If you don't have the experience performing in a specific scheme, it goes without saying that you will struggle picking up certain aspects of it. Needless to say, Buffalo's new West Coast offense under head coach Doug Marrone requires multiple reads on a majority of the plays.
This is something Manuel will have to work on early and often if he is thrust into the starting role in Upstate New York.
Cam Newton, Carolina Panthers
Fatal Flaw: Lack of maturity
All the skills are there for Cam Newton to have another successful season and even progress as a quarterback in this third year in the NFL.
I have looked at extensive game tape of Newton's since the 2012 season came to a conclusion and saw a lot of good towards the end of his sophomore season. He isn't relying too much on his initial read and has started to do a darn good job looking off initial targets before zoning in on secondary receivers. This is something he struggled with in his first 24 NFL starts.
In addition, Newton's accuracy and pocket presence have improved ten fold since his rookie season. This is the type of natural progression you look for in a young signal caller.
One primary issue stands from his days at Auburn. Newton seems to lack the maturity and leadership to lead a team to the next level. A myriad of reports came out during his rookie campaign and even last year suggesting that he has failed to take that next step.
Bleacher Report's Chris Trapasso filed this report immediately after Carolina's 30-28 loss to the Atlanta Falcons last September:
Regardless of skill set or team situation, every signal-caller must deal with adversity and is ultimately defined by how he responds to it.
Newton can exhibit sadness after a loss, but sitting alone on the bench with a towel over your head and dodging the media?
We didn't see Aaron Rodgers pouting on the sidelines after Green Bay was embarrassed by San Francisco this past January. Heck, Colin Kaepernick rode out the storm with his team following a late-game loss to Baltimore in the Super Bowl back in February.

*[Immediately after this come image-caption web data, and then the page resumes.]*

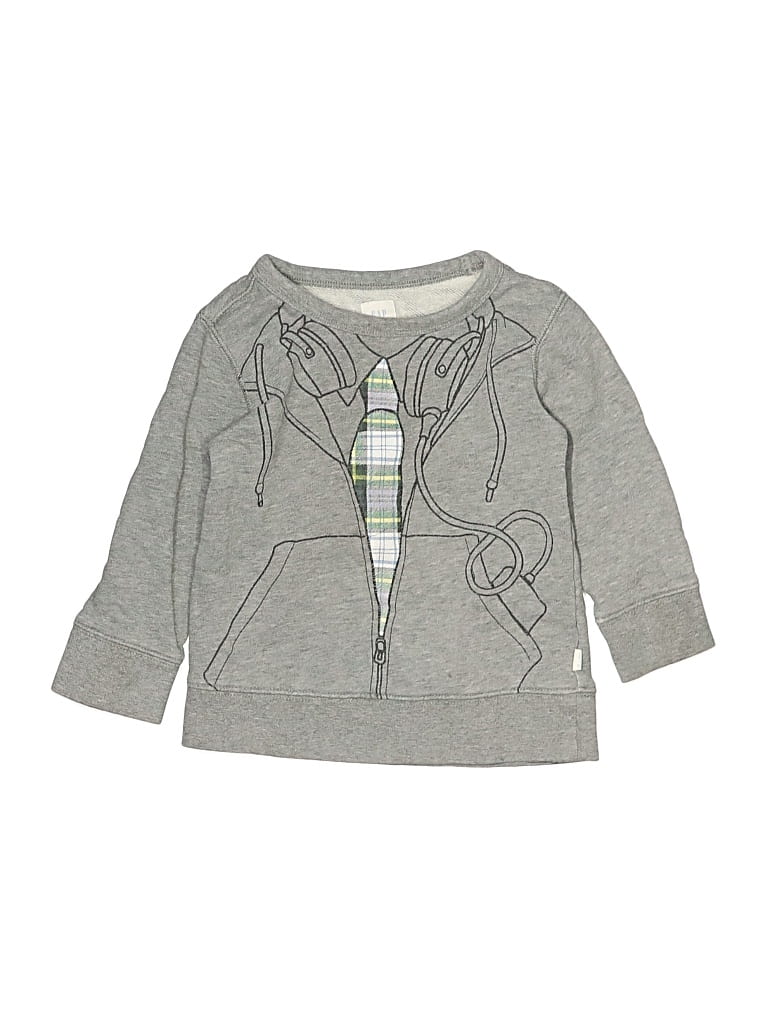 Pre-owned Gap Kids' Zip Up Hoodie In Gray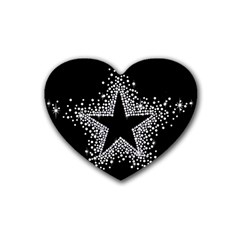 Sparkling Bling Star Cluster 4 Pack Rubber Drinks Coaster (heart) by artattack4all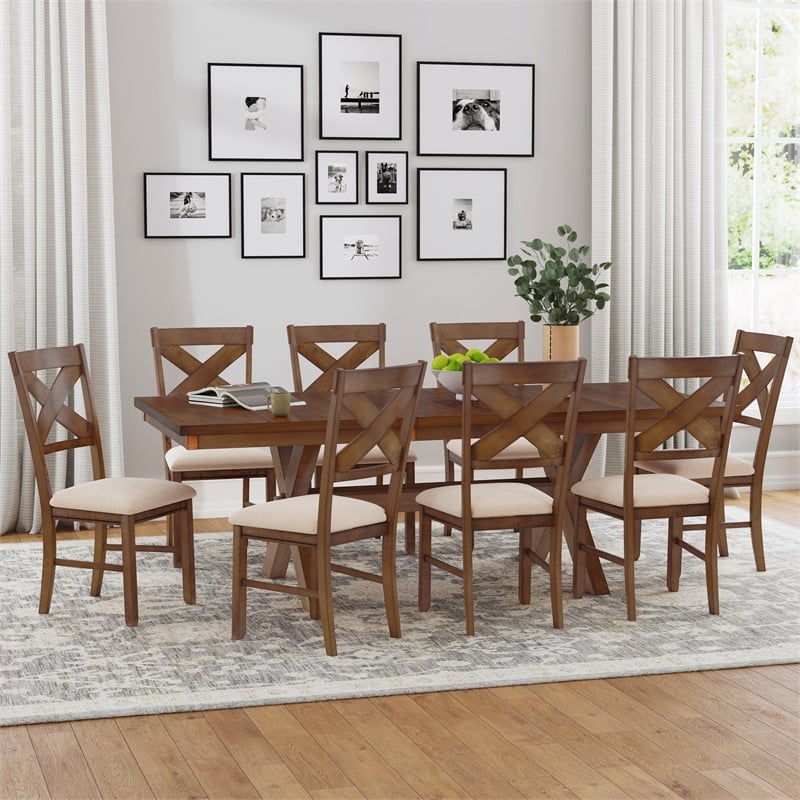 Linon Kraven 9 Piece Wood Dining Set X-Back Padded Seats in Dark Hazelnut Brown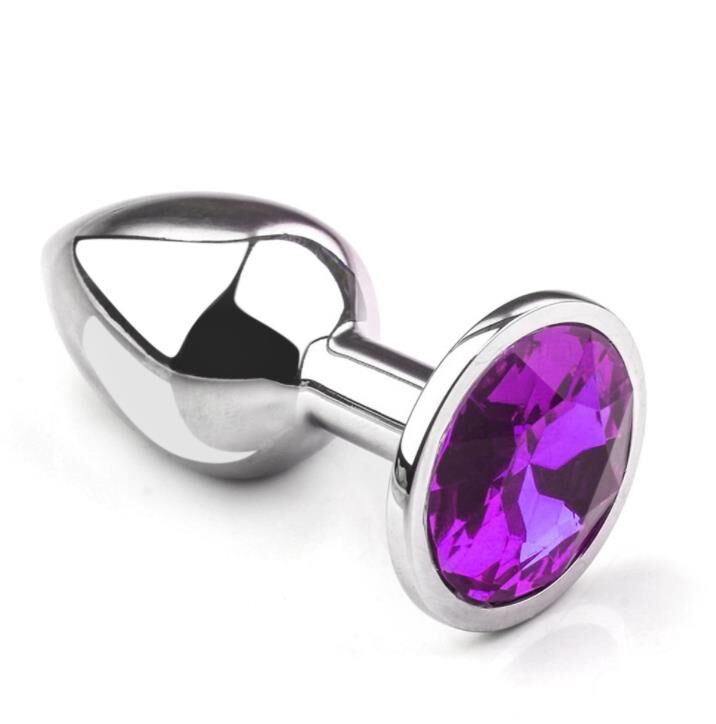 Metal Elmas Taşlı Anal Plug Mor En Küçük Boy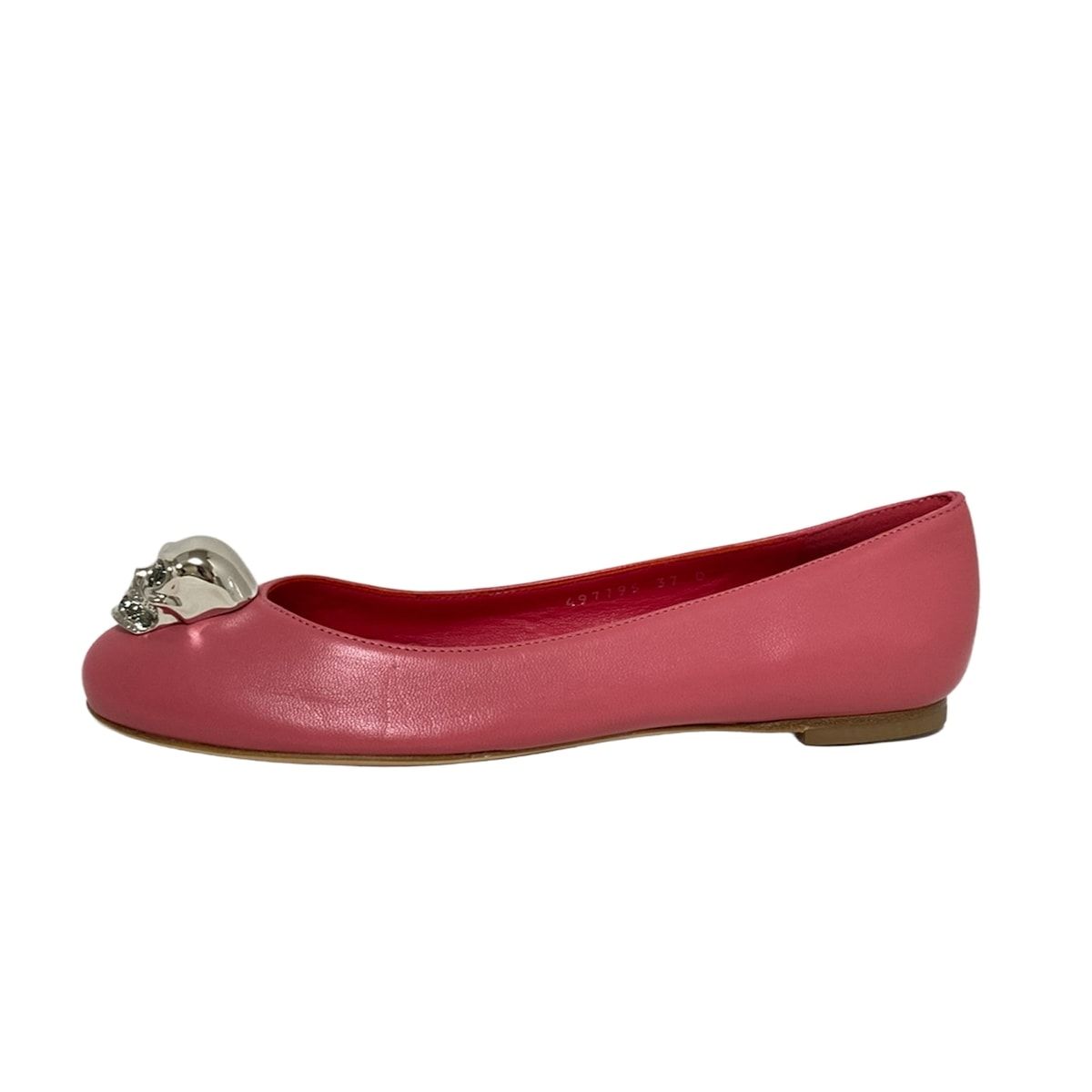 Alexander McQUEEN スカル フラットシューズ McQueen // Grey Metallic Leather Skull Zipper Heel – VSP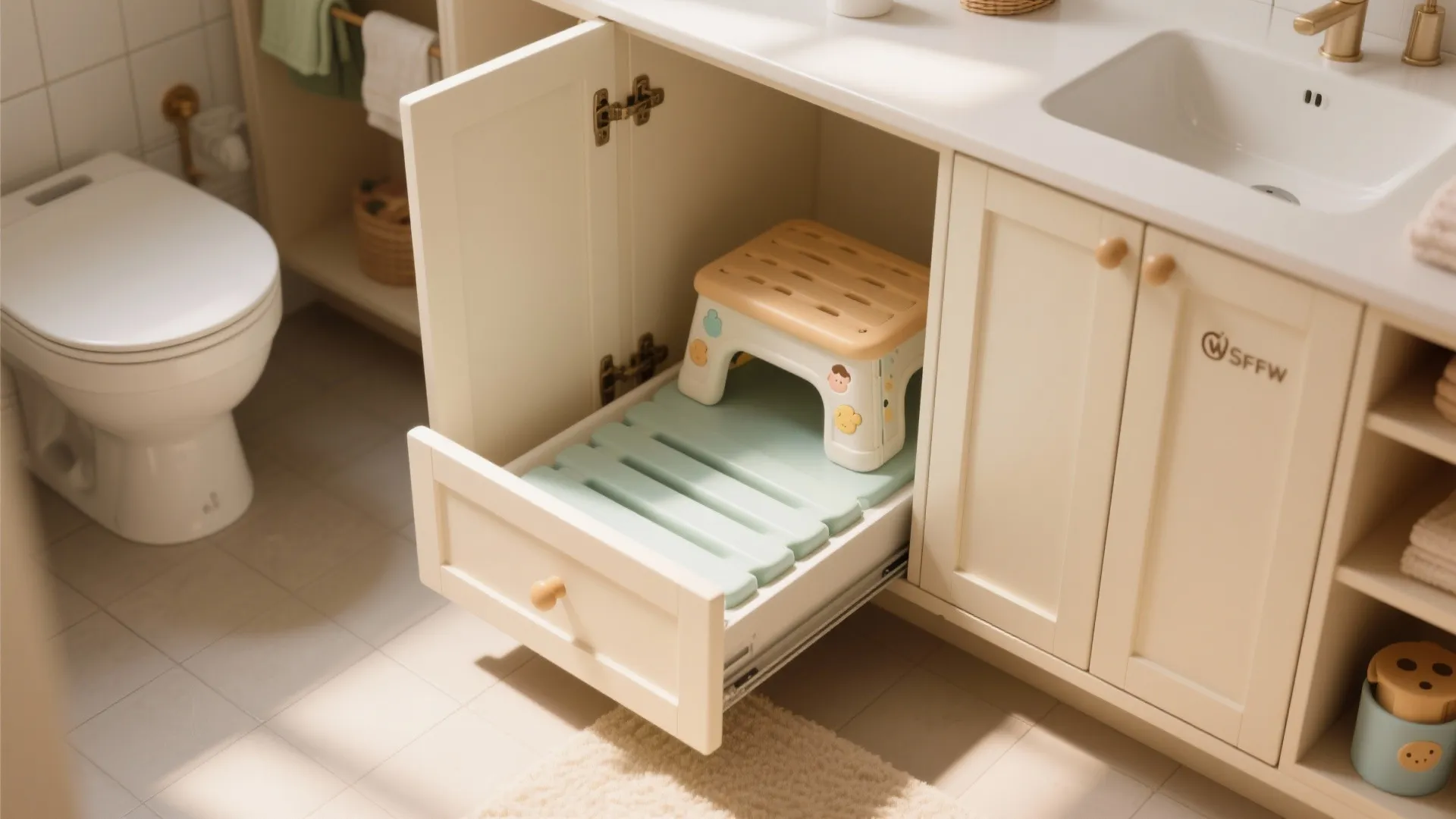 Modern bathroom cabinet with open drawer storing small plastic footrest and folded green floor mat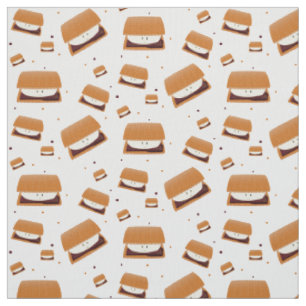 Lächeln Brown White Illustriert S'more Muster Stoff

Newton needs to act like a leader on the field and on the sideline. This is something that he has failed to do at multiple turns during his first two seasons in the NFL.
The good news is that Newton is still only 24 years of age. The bad news is that he is now entering his third NFL season and excuses about him still being "young" will start to dwindle as time goes by.
Jay Cutler, Chicago Bears
Fatal Flaw: Mechanics
This is a rare situation for a quarterback entering his seventh season in the NFL. Jay Cutler has struggled with mechanics dating back to his days with Vanderbilt. In fact, it was one of the only knocks on him heading into the 2006 NFL draft.
Despite being a relatively successful quarterback up to this point in his career, Cutler still struggles with his throwing motion and mechanics.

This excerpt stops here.